Woah!  A ‘D grade’ for overall physical activity – that’s a fail.  Our school children aren’t getting the recommended 60 minutes of daily exercise.  They’re essentially getting a ‘D grade’ for both overall physical activity and sedentary behaviours.   That’s pretty alarming.  We can agree we ‘must try harder’ on getting school kids to be active. 

Active for longer than sports lessons

The school day is long and Health & Physical Education (HPE) lessons relatively short.  We need to encourage children to be active during break times to hit their daily exercise target.  Girls do less exercise than boys, and that holds true in the playground.  Girls do significantly less physical activity when wearing formal school uniform (a dress), than when wearing sports uniform (shorts).  And sports uniforms where shorts or pants are allowed, in some schools, are worn for one lesson, once-a-week. 

Two recent Australian studies show 10 to 13 year old girls found their uniform significantly restricted their ability to play at lunchtime.  If girls wore active-friendly clothing it would encourage them to be more physically active.   

Have you tried kicking a footy in a dress?

This is not news; our Australian female sports stars and Girls Uniform Agenda supporters experienced this at school.  Australian Football Women’s League player, Karen Paxman says: 

I wasn’t allowed to wear shorts or pants during the Summer months at my high school, and it had a big impact on what I could and couldn’t do physically day to day. Looking back on those years now I feel a little annoyed and even a little sad, because I remember so many times not joining in with my friends who were having a kick of the footy, because I was wearing a dress. 

Not allowing girls and young women to wear shorts or pants at school…hugely limits the amount of sport and physical activity they are able to do during their school day.” 

Emma Kearney, Australian Football Women’s League and Women’s Big Bash League player, knows from personal experience and from being a Physical Education Teacher, how limiting skirts and dresses can be for girls: 

“As a PE teacher I have seen firsthand the damage forcing girls to wear school dresses has on the individual.

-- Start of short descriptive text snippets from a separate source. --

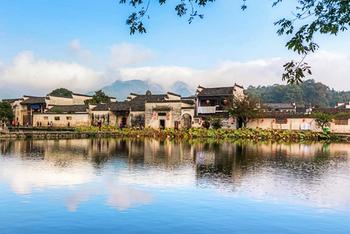 行走在水墨乡村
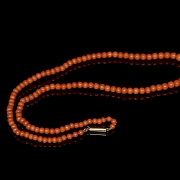 Collar con pequeñas cuentas de coral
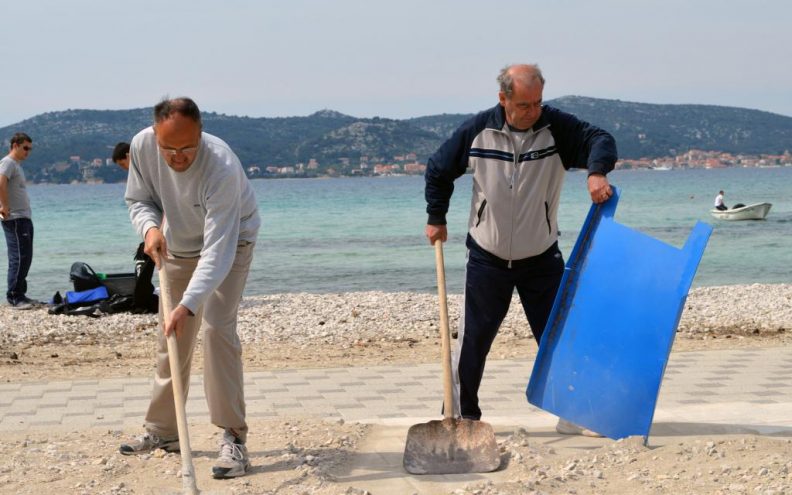 Volonteri očistili šumu i podmorje plaže Soline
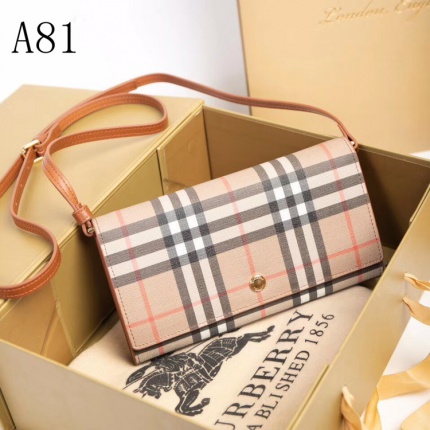 New Arrivals Burberry Crossbody Bag in 137045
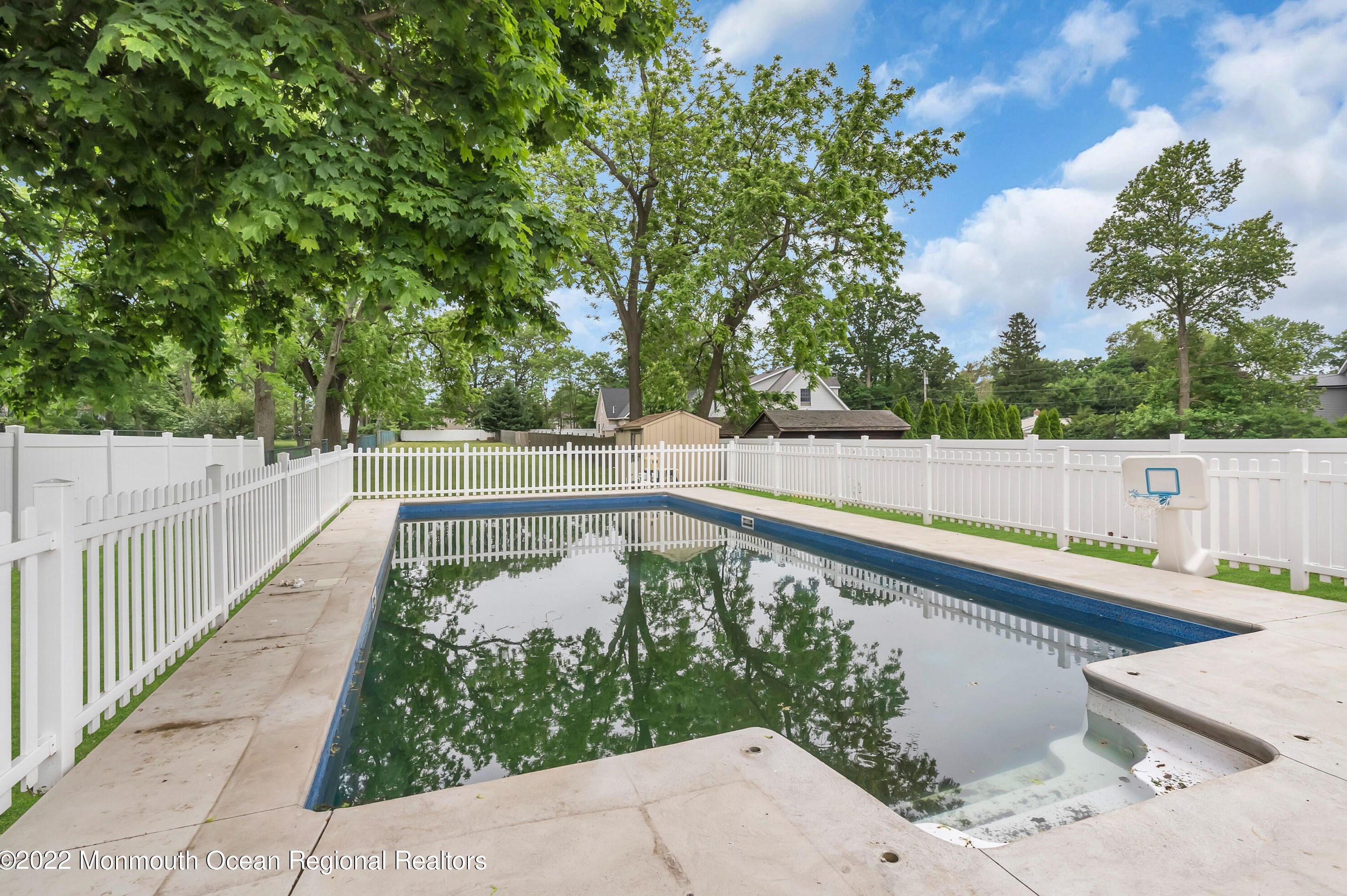 370 Park Ave, Oakhurst NJ  07755-1245 exterior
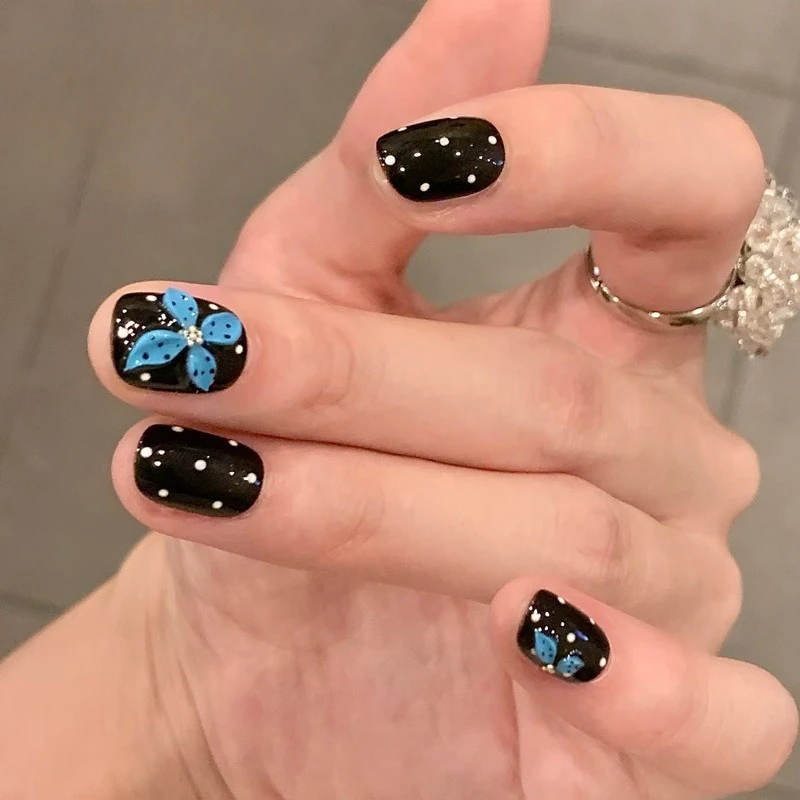 24PCS Black Short Square False Nails Simple White Polka Dot Sweet 3D Blue Flower Press on Nails Full Cover Wearable Acrylic Nail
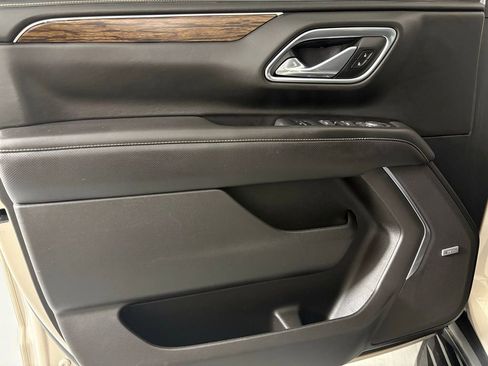 Used 2021 Chevrolet Tahoe Premier w/ Premium Package image 17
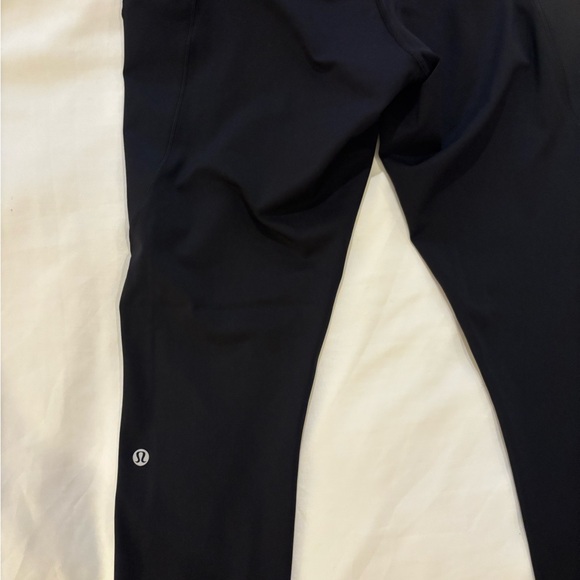 Lululemon Fast and Free Leggings - Picture 2 of 5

They are completely restrictive, which discourages girls from being active... 

Girls are already placed in a stereotype where it is seen to be ‘non-feminine’ to be active and play sports. They certainly don’t need the further push they are getting by being forced to put on their school dress each morning… 

When I was in primary school it was such a pain playing both footy and cricket in the dress. I was always so excited when we had PE, because I could wear my PE uniform for the whole day. In the PE uniform I wasn’t restricted when I played.” 

Being active helps girls

Exercise is really important for teenage girls, particularly for increasing their self-esteem and positive body image.  It helps to reduce their stress, levels of anxiety and depression, as well as prevent future illness.  Keeping girls physically active, especially as they transition through adolescence, can help maintain their physical, psychological and emotional health.  Importantly, it contributes to their overall happiness. 

Ditch the dress

To turn that D-grade into an A-grade and for girls to benefit from the positives of exercising regularly, we need to ditch dresses and skirts.  At the very least, we need pants and shorts to be an option available to all girls, in all schools.  We need parents to consider how limiting dresses are when buying their children’s school uniforms, or sitting on school P&C committees.  We need to think seriously about whether dresses and skirts are the best choice. Girls are not running around and getting their 60 minutes of daily exercise, in part because their uniform makes it too difficult to be active. 

We can’t have something as simple as wearing a skirt or dress be a barrier to physical activity and to safeguarding the health and well-being of our school girls.  Let’s try harder, let’s make keeping girls active a priority: bring on shorts and pants for girls, our A-grade and the gold medals!